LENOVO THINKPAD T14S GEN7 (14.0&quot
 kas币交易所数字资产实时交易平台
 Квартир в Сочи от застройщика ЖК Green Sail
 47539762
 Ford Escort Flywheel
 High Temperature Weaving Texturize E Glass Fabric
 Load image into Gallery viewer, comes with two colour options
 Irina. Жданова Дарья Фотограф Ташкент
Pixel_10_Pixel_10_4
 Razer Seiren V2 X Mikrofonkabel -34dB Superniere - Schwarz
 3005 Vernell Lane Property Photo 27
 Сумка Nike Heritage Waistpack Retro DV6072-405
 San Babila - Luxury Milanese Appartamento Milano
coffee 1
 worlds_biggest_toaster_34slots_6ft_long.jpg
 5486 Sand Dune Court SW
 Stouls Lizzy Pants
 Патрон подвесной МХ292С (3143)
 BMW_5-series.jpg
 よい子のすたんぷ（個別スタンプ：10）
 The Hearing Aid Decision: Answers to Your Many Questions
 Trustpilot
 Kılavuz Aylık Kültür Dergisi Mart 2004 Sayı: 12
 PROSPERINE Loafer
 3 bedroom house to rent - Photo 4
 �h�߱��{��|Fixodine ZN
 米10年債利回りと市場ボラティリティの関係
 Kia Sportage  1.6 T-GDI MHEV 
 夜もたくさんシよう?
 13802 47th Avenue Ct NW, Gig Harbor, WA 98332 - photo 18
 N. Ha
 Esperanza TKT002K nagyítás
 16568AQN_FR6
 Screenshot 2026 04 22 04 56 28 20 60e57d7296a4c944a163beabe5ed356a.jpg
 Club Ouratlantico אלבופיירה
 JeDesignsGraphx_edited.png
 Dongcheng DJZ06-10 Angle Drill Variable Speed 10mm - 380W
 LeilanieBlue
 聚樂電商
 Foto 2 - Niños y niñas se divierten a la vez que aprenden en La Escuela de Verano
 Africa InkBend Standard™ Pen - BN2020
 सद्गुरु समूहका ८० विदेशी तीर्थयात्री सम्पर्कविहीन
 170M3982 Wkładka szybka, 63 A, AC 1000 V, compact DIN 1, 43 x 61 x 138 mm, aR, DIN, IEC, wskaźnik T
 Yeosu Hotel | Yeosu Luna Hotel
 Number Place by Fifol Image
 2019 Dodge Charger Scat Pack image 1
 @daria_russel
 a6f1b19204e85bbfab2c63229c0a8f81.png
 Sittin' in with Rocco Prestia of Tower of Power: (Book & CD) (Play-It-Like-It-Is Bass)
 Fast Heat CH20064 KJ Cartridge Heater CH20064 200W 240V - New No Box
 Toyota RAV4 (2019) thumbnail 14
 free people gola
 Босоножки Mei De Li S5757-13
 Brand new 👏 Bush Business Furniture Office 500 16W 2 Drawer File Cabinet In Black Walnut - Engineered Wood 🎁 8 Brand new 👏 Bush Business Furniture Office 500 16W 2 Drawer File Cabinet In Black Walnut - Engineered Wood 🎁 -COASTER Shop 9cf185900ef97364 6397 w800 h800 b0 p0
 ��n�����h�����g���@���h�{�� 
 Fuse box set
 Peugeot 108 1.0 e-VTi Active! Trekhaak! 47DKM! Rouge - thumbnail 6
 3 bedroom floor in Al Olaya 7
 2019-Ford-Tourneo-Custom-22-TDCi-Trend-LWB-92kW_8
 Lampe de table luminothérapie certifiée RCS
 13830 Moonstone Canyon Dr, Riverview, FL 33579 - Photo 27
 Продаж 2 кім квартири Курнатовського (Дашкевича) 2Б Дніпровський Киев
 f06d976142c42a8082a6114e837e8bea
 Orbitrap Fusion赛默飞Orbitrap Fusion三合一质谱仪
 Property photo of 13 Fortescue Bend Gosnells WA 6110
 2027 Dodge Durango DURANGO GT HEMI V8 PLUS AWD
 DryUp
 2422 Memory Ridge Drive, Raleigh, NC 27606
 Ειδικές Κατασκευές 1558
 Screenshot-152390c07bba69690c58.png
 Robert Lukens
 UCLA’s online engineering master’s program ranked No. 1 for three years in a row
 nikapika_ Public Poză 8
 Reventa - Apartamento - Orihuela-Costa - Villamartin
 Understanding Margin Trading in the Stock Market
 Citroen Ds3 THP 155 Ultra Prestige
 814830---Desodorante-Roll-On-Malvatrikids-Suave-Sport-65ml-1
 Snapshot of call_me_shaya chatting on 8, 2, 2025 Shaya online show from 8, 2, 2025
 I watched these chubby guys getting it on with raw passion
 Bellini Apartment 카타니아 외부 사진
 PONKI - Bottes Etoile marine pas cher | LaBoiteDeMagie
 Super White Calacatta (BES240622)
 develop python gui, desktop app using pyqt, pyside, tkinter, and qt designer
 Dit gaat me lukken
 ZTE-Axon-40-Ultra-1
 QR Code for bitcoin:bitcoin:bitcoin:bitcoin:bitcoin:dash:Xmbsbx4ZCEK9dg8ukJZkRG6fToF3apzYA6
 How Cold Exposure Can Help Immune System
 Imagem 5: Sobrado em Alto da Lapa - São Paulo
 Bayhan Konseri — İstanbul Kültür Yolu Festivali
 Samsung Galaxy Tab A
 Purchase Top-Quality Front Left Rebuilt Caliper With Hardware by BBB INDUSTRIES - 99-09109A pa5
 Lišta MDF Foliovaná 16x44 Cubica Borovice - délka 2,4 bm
+ + + +
TO DO
Using the records given above, list every line that includes the word "Ford".

YOUR RESPONSE
 Ford Escort Flywheel
 2019-Ford-Tourneo-Custom-22-TDCi-Trend-LWB-92kW_8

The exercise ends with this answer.